PROBLEM DETAILS
Tally up the lines in the material where the word "Glass" appears, then give the total and nothing else.
MATERIAL SHOWN START
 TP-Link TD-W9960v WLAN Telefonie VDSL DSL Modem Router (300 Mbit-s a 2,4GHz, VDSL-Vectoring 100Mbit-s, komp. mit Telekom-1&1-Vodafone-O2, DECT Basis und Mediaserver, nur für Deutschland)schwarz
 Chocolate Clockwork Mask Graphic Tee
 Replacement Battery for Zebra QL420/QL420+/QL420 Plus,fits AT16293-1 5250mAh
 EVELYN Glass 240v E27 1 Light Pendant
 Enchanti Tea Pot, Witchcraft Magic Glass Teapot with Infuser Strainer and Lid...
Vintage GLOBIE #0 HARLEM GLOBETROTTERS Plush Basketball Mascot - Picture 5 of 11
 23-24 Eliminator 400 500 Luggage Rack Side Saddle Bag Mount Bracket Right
MATERIAL SHOWN END
MATERIAL SHOWN START
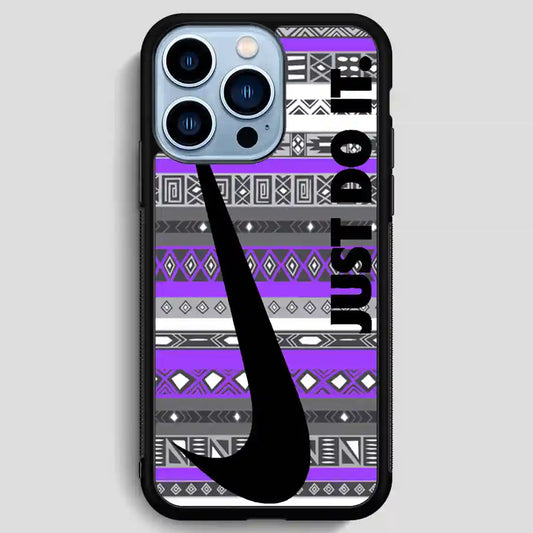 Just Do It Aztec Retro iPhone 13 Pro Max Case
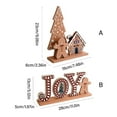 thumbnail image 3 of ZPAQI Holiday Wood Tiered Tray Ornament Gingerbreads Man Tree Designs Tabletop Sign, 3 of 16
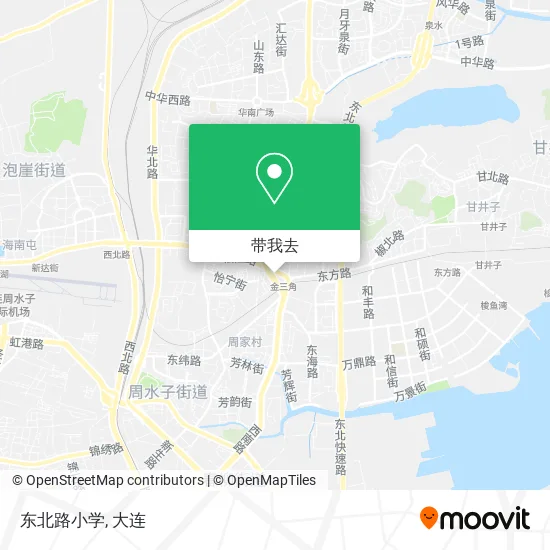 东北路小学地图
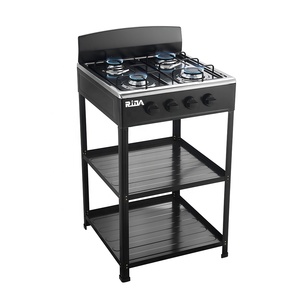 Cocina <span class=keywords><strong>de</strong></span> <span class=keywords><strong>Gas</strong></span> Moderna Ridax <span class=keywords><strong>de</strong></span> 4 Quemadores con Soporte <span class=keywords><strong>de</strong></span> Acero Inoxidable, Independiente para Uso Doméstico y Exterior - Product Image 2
MATERIAL SHOWN END
MATERIAL SHOWN START
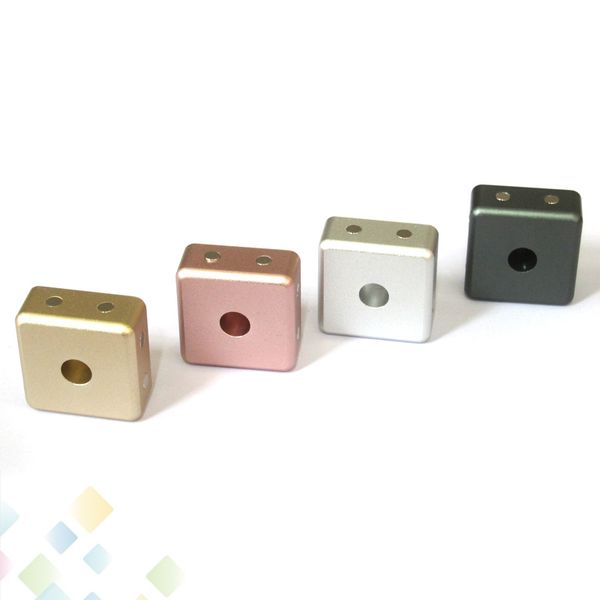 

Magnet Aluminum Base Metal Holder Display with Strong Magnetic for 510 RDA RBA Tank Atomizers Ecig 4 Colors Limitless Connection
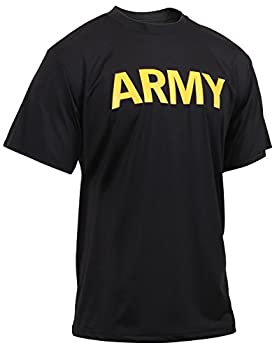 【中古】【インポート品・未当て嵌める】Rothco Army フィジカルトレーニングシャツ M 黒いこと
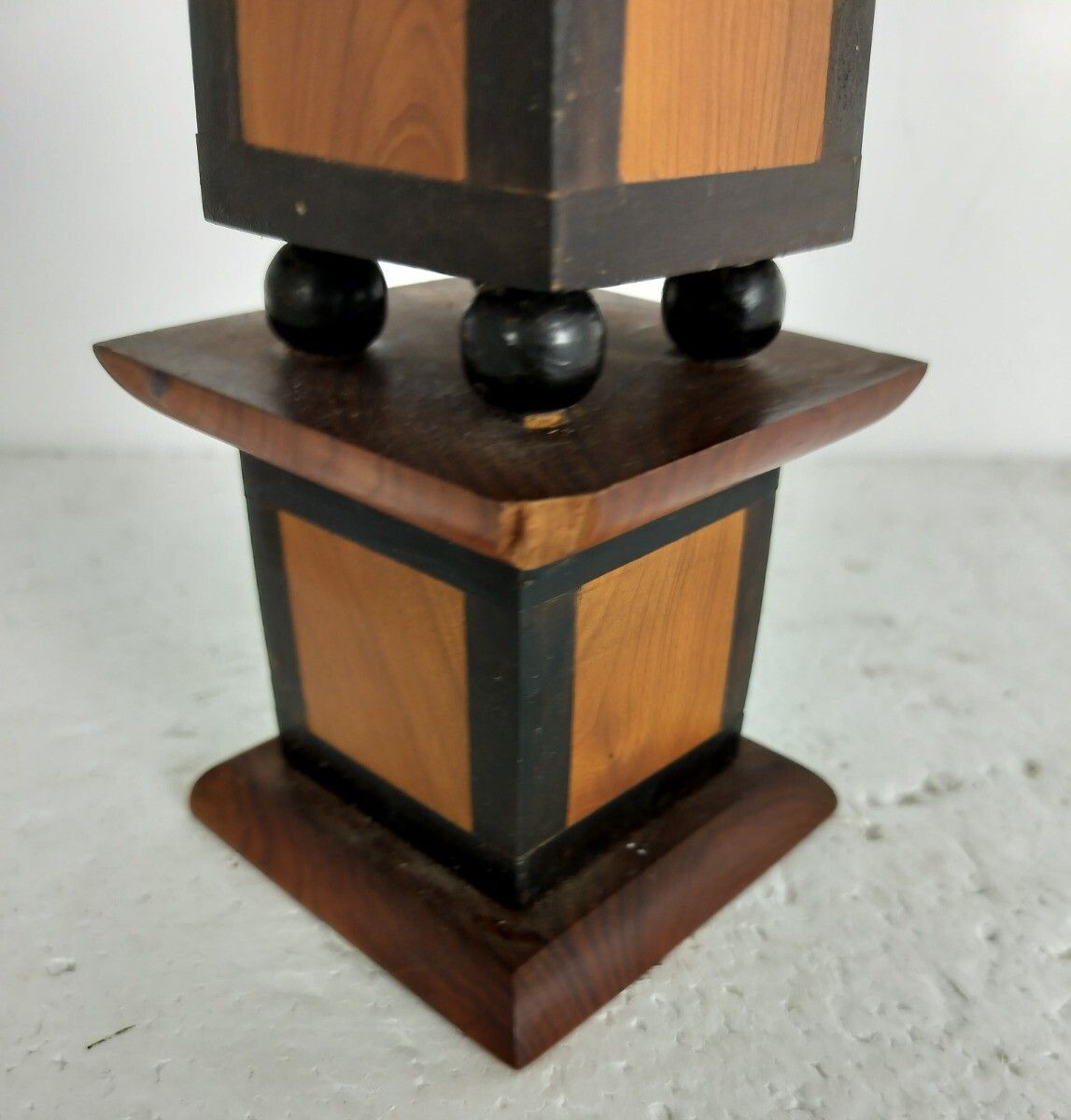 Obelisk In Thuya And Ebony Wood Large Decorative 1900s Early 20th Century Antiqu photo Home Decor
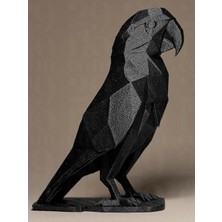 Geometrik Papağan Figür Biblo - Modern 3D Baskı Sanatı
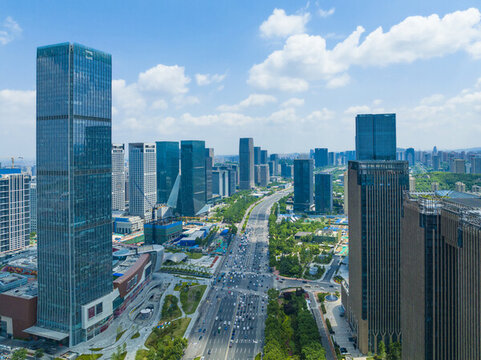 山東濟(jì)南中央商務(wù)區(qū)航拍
MATERIAL SHOWN END
WRITTEN RESPONSE
2